We've always had a few tents' worth of these things, but this year, they're everywhere. Eating everything! An entire army of them is bivouacked in a tree in front of the house, located within easy reach of a weeping cherry tree. One day while mowing the lawn a couple of weeks ago, I noticed the entire tree was covered with silk trails -- and piles of the pernicious pillars themselves. Hundreds of them! After they ate the leaves off my rose bush, I decided I had to take action. So I consulted an Ortho book, purchased some liquid sevin and a sprayer, and doused the trees as far up as I could spray. The herd seems somewhat less numerous now (but then, nothing they like has any leaves left). But the previous commenter who remarked about their propensity to cause rashes seems to be on to ... read more

Negative

On May 1, 2008, aggscott from Wilkes Barre, PA (Zone 6a) wrote:

I walk daily in the woods around my home and these guys are everywhere! They are eating all the leaves and I think this year will be the worse in a long time..WOW they are awful!

Negative

On Apr 28, 2008, raudenbush from Fredericksburg, VA wrote:

I recently had a very spectacular run-in with these caterpillars. Apparently, while they are not poisonous, their little spines can irritate sensitive skin. My garden is a National Wildlife Certified Backyard Habitat and I don't use any insecticides so when the caterpillars had finished eating my crab apple tree (which I had decided to take out anyway), and ventured out into the rest of my garden, I attempted to simply pick as many as I could off everything and drown them in a bucket of water. That part worked great, but in the process I was using my bandana to wipe persperation off my face and neck with the same glove I used to pick the caterpillars, thereby transferring the spines to my tender skin. I'm currently on a second round of steriods and after two full weeks the rash is finally ... read more

Neutral

On Apr 18, 2008, yotedog from Raleigh, NC wrote:

The caterpillars come out approximately mid-April in my zone 7b garden, and are quite destructive.

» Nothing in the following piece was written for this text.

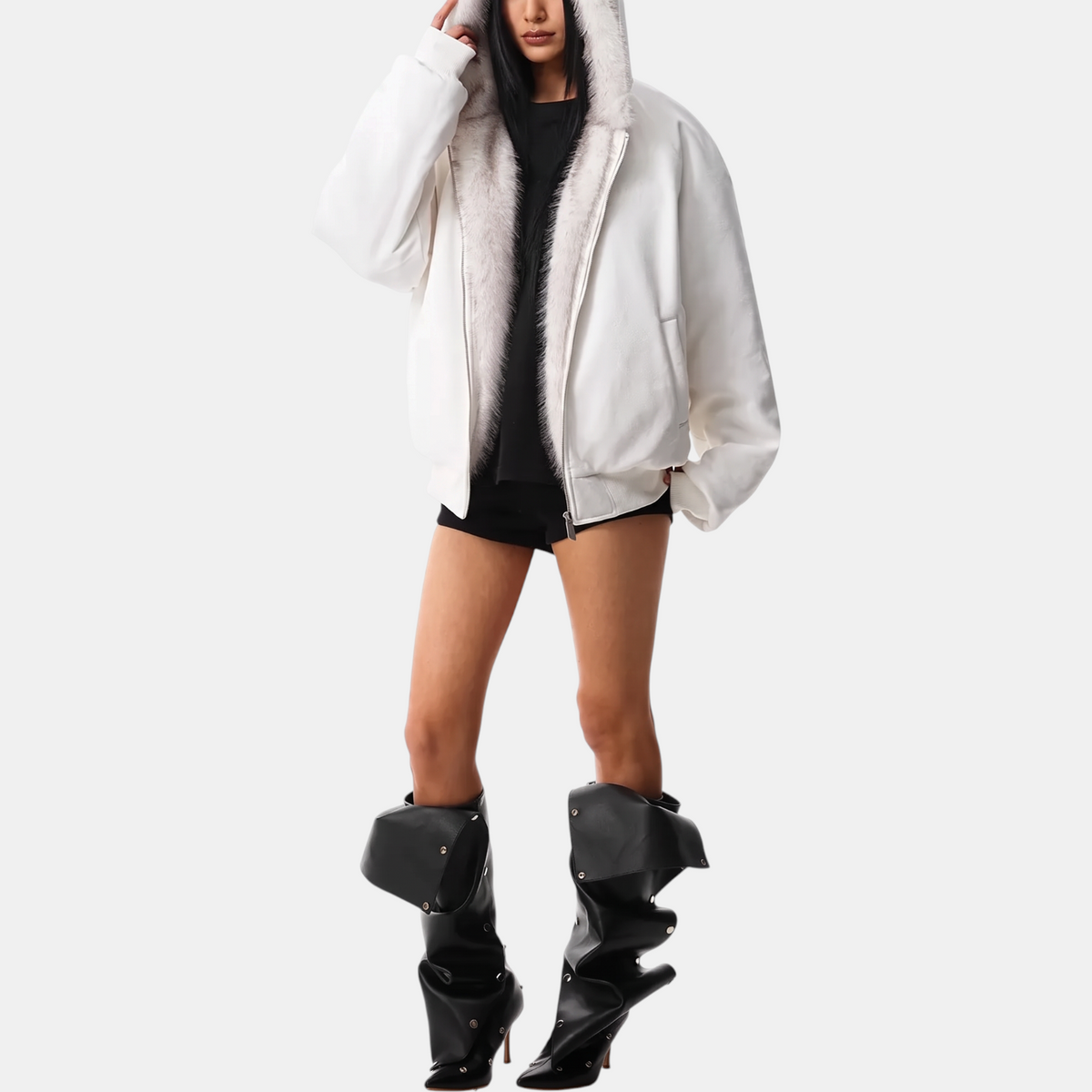 Women's Faux Fur Lined Bomber Jacket with Cat Ear Hood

My child loves them, and can easily find 20 or so at a time at their peak...their favorite garden plants include roses (especially buds), lettuce, fruit tree leaves/flowers and pretty much anything else that's coming up! Not fond of iris or other thick-skinned leaves.

Negative

On May 15, 2007, onewish1 from Denville, NJ (Zone 6b) wrote:

I just learned how destructive these little buggers are... but I was fascinated how the little hole in the top of the tent was the entrance and the caterpillars must have been tending to the larva inside and you can see how each layer they pass through to get to the lower levels.... caterpillar condo!

Negative

On Jan 25, 2007, DiOhio from Corning, OH (Zone 6a) wrote:

Like stated above, the larva to this moth is a serious defoliating pest.

Host Plants: Many trees and shrubs, especially apple, cherry trees, flowering crabapples and other members of the rose family.

Negative

On Aug 5, 2006, duckmother from North Little Rock, AR (Zone 7b) wrote:

We have two black cherry trees and both had bad bug tents this spring. They were too high in the tree to torch but when they came down the tree...lookout. We had hoped that our ducks would eat them but they did not like the caterpillars either. So, we found other means...mostly a shoe!

Negative

On Aug 2, 2006, melody from Benton, KY (Zone 7a) wrote:

The caterpillars are the destructive part of the life cycle in this species. The small brown moths do not have functional mouth parts...living only to breed.

They deposit their eggs in fruit or nut trees, and the caterpillars live in a communal web or tent...emerging in the day to methodically strip foliage from the host tree, returning at dark to the safety of the silken web.

They are destructive enough to actually kill the tree. I take a butane torch to any I find in my trees...makes quick work of them, and I've not used any chemicals that would endanger good bugs or birds.